晴れのち曇り ときどき溺愛
「先にシャワーを浴びてきて」

 そう言われて案内されたバスルームはとても広かった。浴槽が広くお湯を張ったら足がゆっくり伸ばせると思う。でも、私は緊張のあまりタイルの上に立ったまま、頭からシャワーを浴びていた。髪を洗い、化粧を落とす。そして、身体を洗ってからバスルームを出るとカゴの中にシャツとスウェットのズボンが用意されていた。

 通勤着で寝るのもどうかと思うし、かといってバスタオル一枚で行くほどの勇気もない。下坂さんの貸してくれた着替えは助かる。

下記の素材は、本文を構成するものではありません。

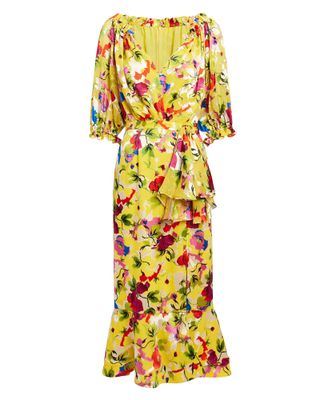 Saloni + Olivia Chartreuse Floral Midi Dress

 ただ、下坂さんの服は私の身体には大きくて、シャツはワンピース状態だし、スウェットのズボンはブカブカで足の方を何度も折り返した。なんとか髪を乾かしてからリビングに行くと、下坂さんがバスルームから出てきた私を見てニッコリと笑った。

「シャワーありがとうございました。着替えも」

「梨佳。マジで可愛いな。俺もシャワー浴びてくる。先にベッドに入ってて」

 下坂さんは私の横を通り過ぎながら、唇にチュッとキスを落としてバスルームに消えていった。シャワーを浴びて少し落ち着いたと思ったのにまた一気に顔が熱を持ち、可笑しくなりそう。今日の下坂さんは甘すぎる。

 ベッドルームは一番奥のドアの向こうにあった。そっとドアを開けると広い空間にセミシングルのベッドがあった。広い空間にぽつんと置いてある。ファミリー向けの物件だと思われるこのマンションの寝室はダブルベッドは勿論のことクイーンサイズもキングサイズも置けると思う。

 でも、そこにあったのはセミシングルのベッドだった。